À partir de l’Omnium Banque Nationale, la gauchère est parvenue à battre des joueuses mieux classées. Sporadiquement, on revoyait la finaliste des Internationaux des États-Unis de 2021. Beatriz Haddad Maia, Elise Mertens, Victoria Azarenka et Markéta Vondroušová figurent notamment sur son tableau de chasse.

Dans sa tête, c’est comme si chaque fois, elle avait battu Roger Federer. « Depuis longtemps, c’est ça notre truc, notre petit secret, où chaque fois qu’il [Jorge] me demande contre qui je joue, je dis toujours Federer, parce que je sais que je veux bien jouer et que je veux gagner le match. »

Fernandez repartira chez elle, en Floride, dans les prochains jours pour profiter du temps des Fêtes et surtout pour s’entraîner en extérieur.

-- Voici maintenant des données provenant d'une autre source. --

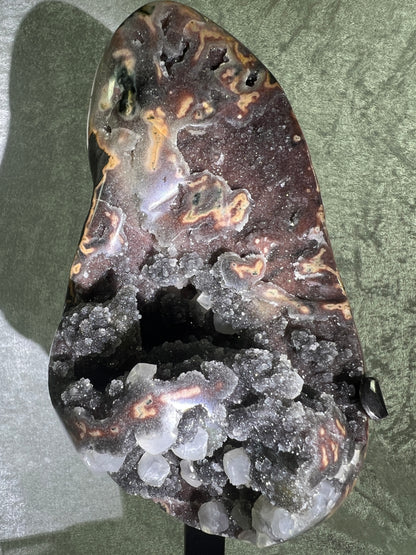 Amethyst And Calcite Geode Specimen. World Class Uruguayan Specimen. Very Rare Black, Red, And Orange Colors. Custom Made Steel Stand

La rigueur et le souci de trouver ses propres failles animent plus que jamais la joueuse de 21 ans. Avec du recul, elle trouve quand même une forme de réjouissance à travers ses écueils lorsqu’elle est capable d’admettre que la perfection n’est pas une destination ni une finalité, mais plutôt une accumulation du nombre de fois où elle a mieux joué que la veille.

« Surtout de trouver les détails minuscules pour pouvoir gagner les tournois et pour pouvoir finalement gagner un Grand Chelem. »

Et le jour où elle y arrivera, elle saura sans doute se donner la note de passage.